Single by Megan Thee Stallion
- Released: October 24, 2025
- Studio: Jungle City (New York)
- Genre: Hip-hop
- Length: 4:24
- Label: Hot Girl Productions
- Songwriters: Megan Pete; Brian Holiman; Hasan Matthews; Roger Dickerson; Jules Jackson; Brion James; Jacob Carnes; Albert Charbonneau;
- Producer: Jacob Dior

Megan Thee Stallion singles chronology
| "Whenever" (2025) | "Lover Girl" (2025) | "B.B.B." (Remix) (2026) |

Music video
- "Lover Girl" on YouTube

= Lover Girl (Megan Thee Stallion song) =

2025 single by Megan Thee Stallion

"Lover Girl" is a song by American rapper Megan Thee Stallion, released as a single on October 24, 2025. Produced by Jacob Dior, it contains a samples of "Kissin' You" by Total and "Bounce It" by HaSizzle. The song is about her then-boyfriend, NBA player Klay Thompson.

==Background==
Megan Thee Stallion first previewed the song on October 1, 2025 with a video of her dancing to the song in the studio, while wearing a crop top, camouflage cargo pants, tan boots and a trucker hat fur-lined with wool. She continued to tease the song on social media in the weeks leading up to its release.

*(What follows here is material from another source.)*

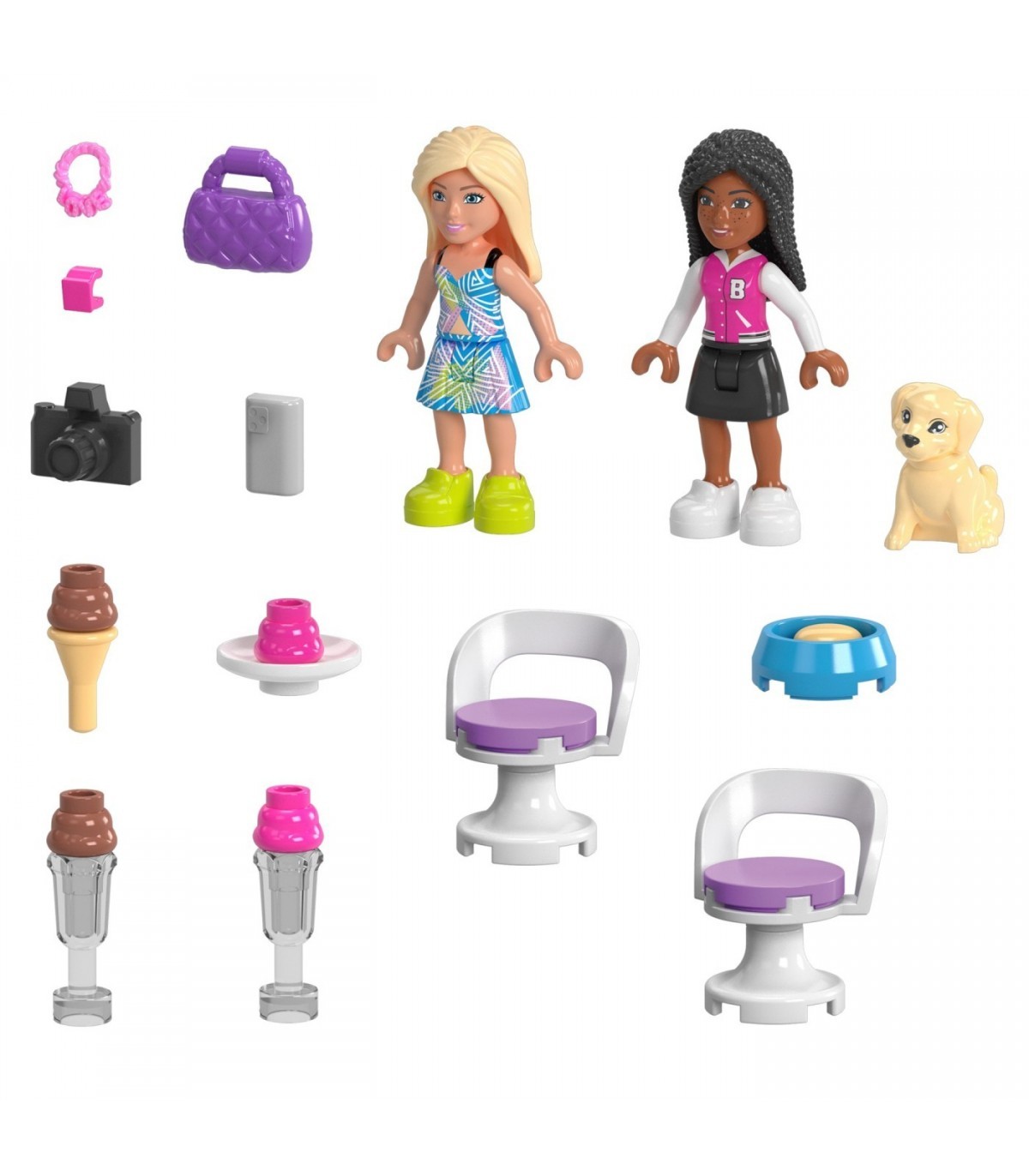 Set de joaca - Barbie - Masina decapotabila si stand de inghetata | Mattel - 3 | YEO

==Composition and lyrics==
The song is built on a samples of "Kissin' You" and "Bounce It". Lyrically, Megan Thee Stallion revolves around her love for her partner Klay Thompson, although she does not mention him by name. She opens with the chorus, in which she repeatedly calls him her "man" and "baby" and describes him to be "Dickin' me down, spoilin' me, drivin' me crazy". In the first verse, Megan praises him as she recalls when she found out he was serious about their relationship and compares him to other men; she raps that he calls her his "lady" instead of his "bitch", keeps his word, and focuses on her rather than seeking attention. Megan describes her enjoyment of their sexual activity in the next two verses; in the second verse, she references "Freaky Gurl" by Gucci Mane (including the lyrics about giving her number to her lover in exchange for oral sex) and the film Love Jones, and mentions she is from "Splash Town", a reference to Thompson being one half of the Splash Brothers. Megan hints at marriage in the third verse ("I'm the type of fine make a nigga run to that altar"), in which she also reminisces about the time that Thompson took her home to meet his mother. Megan makes kissing sounds throughout the song and chants in the refrain, "pop that pussy for your man".

==Critical reception==
Tom Breihan of Stereogum described the production as "weird and spacious and dubby", and commented "Megan uses that beat to do Megan things. She's good at that."

==Music video==
The music video was released alongside the single. It shows Megan Thee Stallion being flanked by four women in lingerie twerking in unison as part of a choreography. She also dances on the stem of a martini glass as if it were a stripper pole, uses a chair as her dance prop, and recreates the song's cover art, dressing as Cupid. The clip ends with a visual of the wolf growling in the darkness.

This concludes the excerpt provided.